PreSIST : prédire la persistance des objets via vision-langage dans des scènes en monde ouvert
Des chercheurs présentent PreSIST (Predictive Scene-conditioned Instance Survival over Time), une méthode qui permet à un robot de prédire combien de temps un objet va rester à sa position observée, plutôt que de simplement constater après coup qu'il a bougé.
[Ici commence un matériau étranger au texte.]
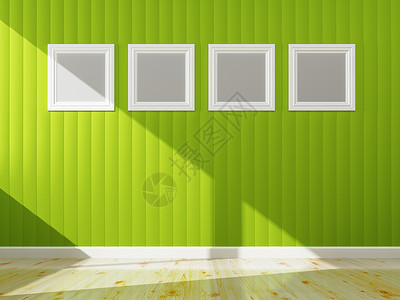 绿色墙壁颜色和内部白色边框 3D背景图片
Le système combine des estimations de "priors" de persistance, calculées à partir des propriétés de l'objet et du contexte de la scène, avec un filtre probabiliste qui affine ces prédictions au fil des nouvelles observations. Deux variantes ont été développées : PreSIST-Lang, qui s'appuie directement sur un modèle vision-langage (VLM) pour raisonner sur le contexte, et PreSIST-Vis, un modèle uniquement visuel entraîné par distillation à partir des pseudo-labels générés par PreSIST-Lang, pensé pour un déploiement plus léger et plus rapide en conditions réelles. Les auteurs ont aussi constitué un nouveau jeu de données d'annotations de persistance d'objets en environnement ouvert et non contrôlé, sur lequel les deux variantes surpassent les approches de référence existantes.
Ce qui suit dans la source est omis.